» Caption-style text data:
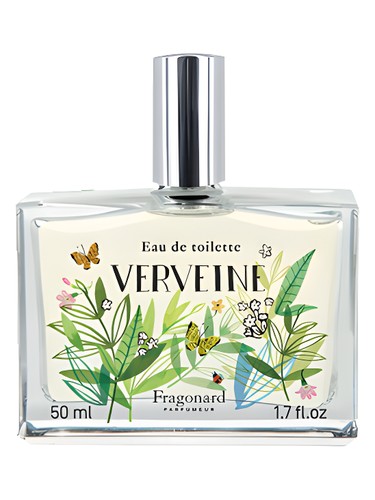 Fragonard Verveine fragrance bottle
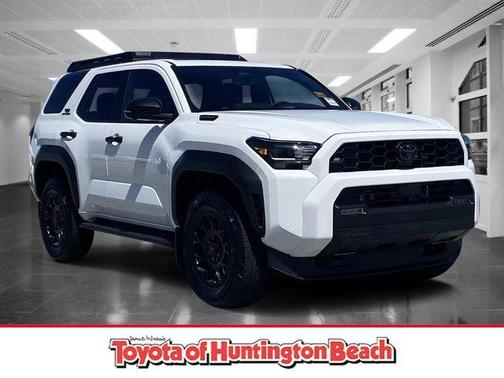 Ice 2026 Toyota 4Runner Hybrid TRD Off Road Premium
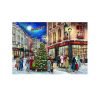 Christmas Stroll i 1000-piece puzzle Clementoni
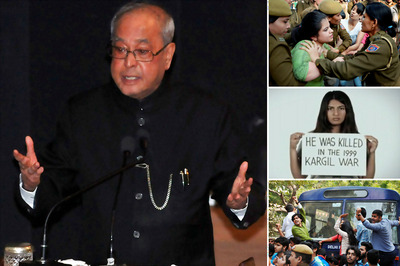 No Room for 'Intolerant Indian'; President Bats for Free Speech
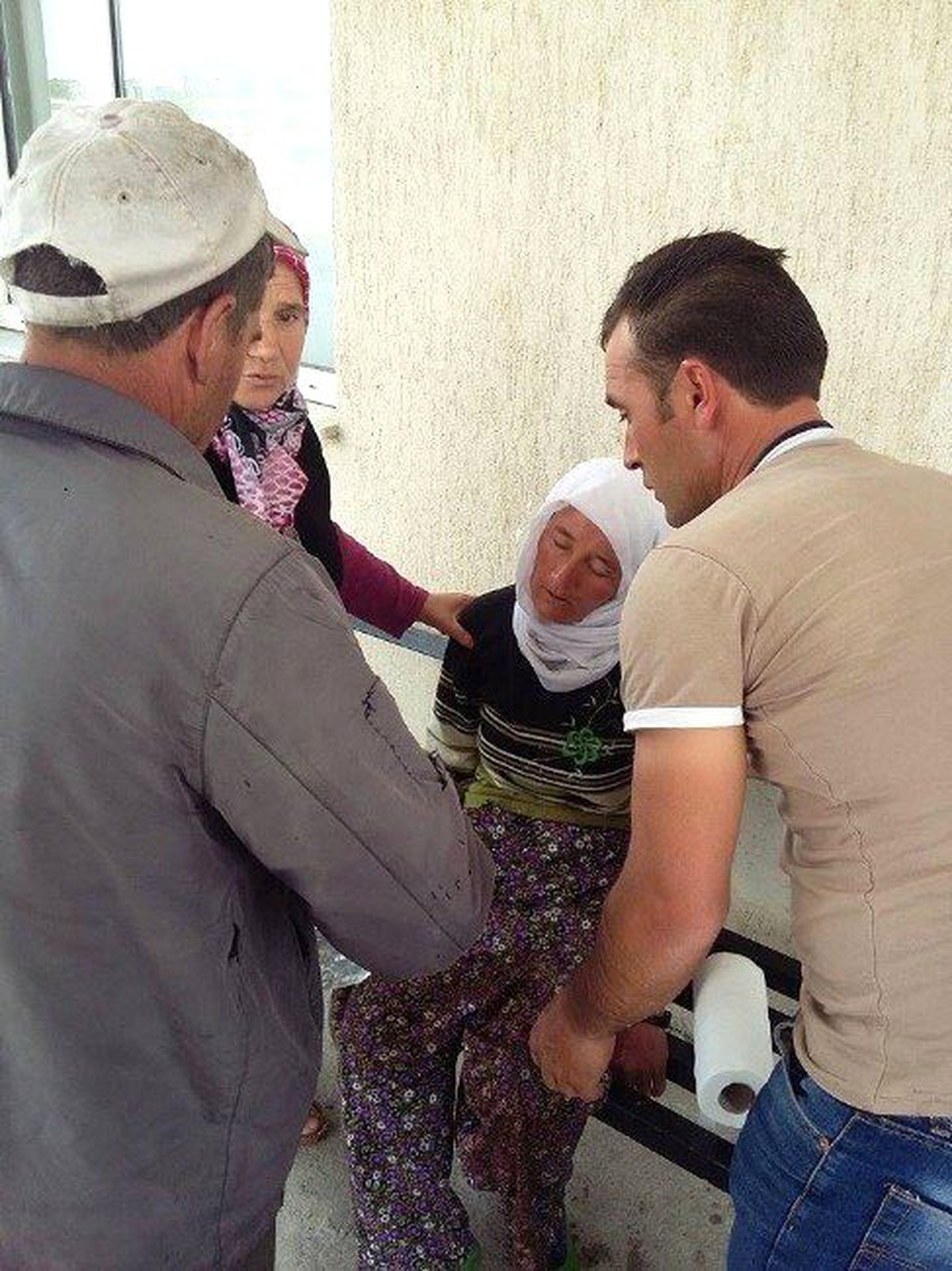 10 Yaşındaki Dudu, Babasının Kullandığı Traktörün Altında Can Verdi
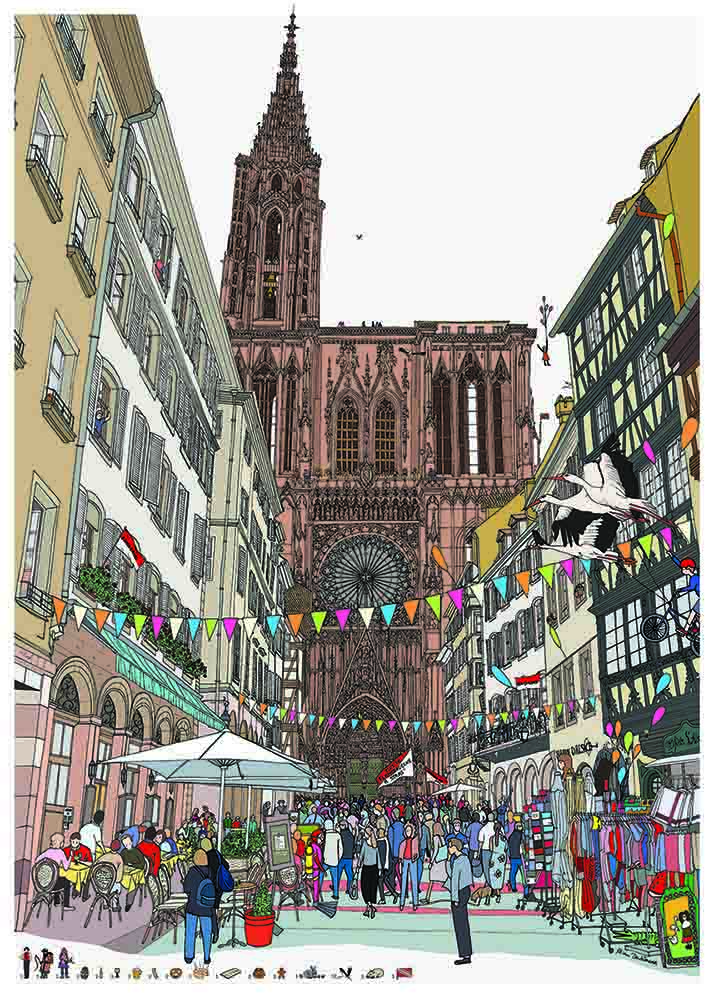 Olivier Deichtmann – Graphiste et Illustrateur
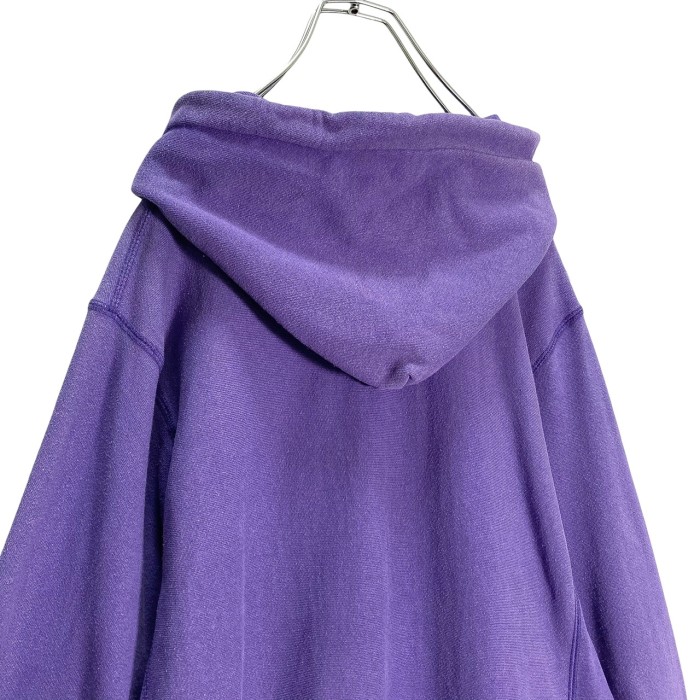 90-00s A Bathing Ape L/S purple sweat pullover hoodie | Vintage.City 빈티지숍, 빈티지 코디 정보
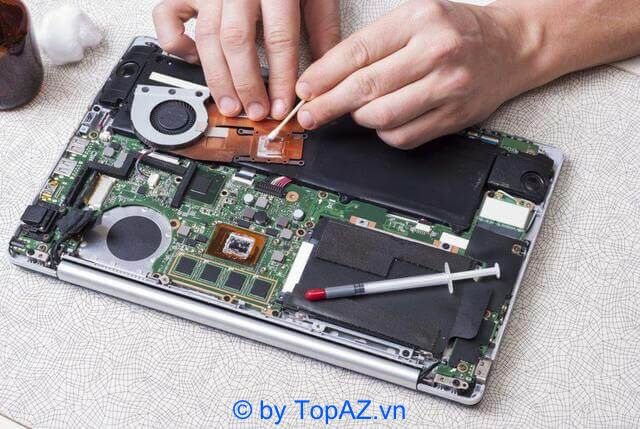 sửa laptop PC tại Tân Bình 1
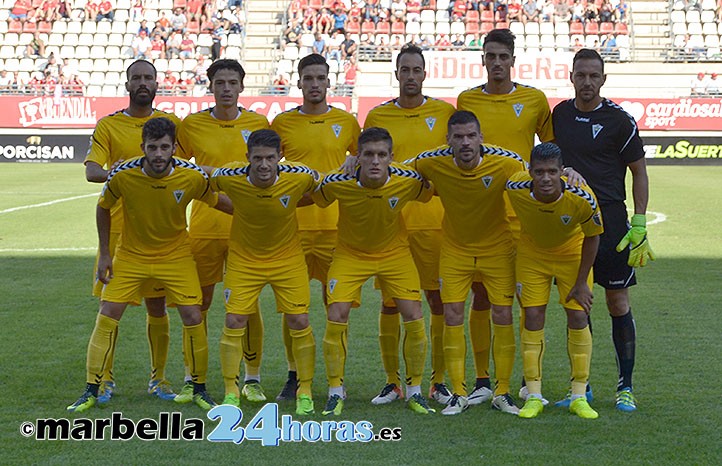 El Marbella, entre los equipos nacionales que más rentabilizan sus goles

» WORK ORDER:
Quote exactly, and only, the lines from the one containing "10 Yaşındaki Dudu, Babasının" through the last line of the records above, both included; leave out any pictures.

» REPLY:
 10 Yaşındaki Dudu, Babasının Kullandığı Traktörün Altında Can Verdi
 Olivier Deichtmann – Graphiste et Illustrateur
 90-00s A Bathing Ape L/S purple sweat pullover hoodie | Vintage.City 빈티지숍, 빈티지 코디 정보
 sửa laptop PC tại Tân Bình 1
 El Marbella, entre los equipos nacionales que más rentabilizan sus goles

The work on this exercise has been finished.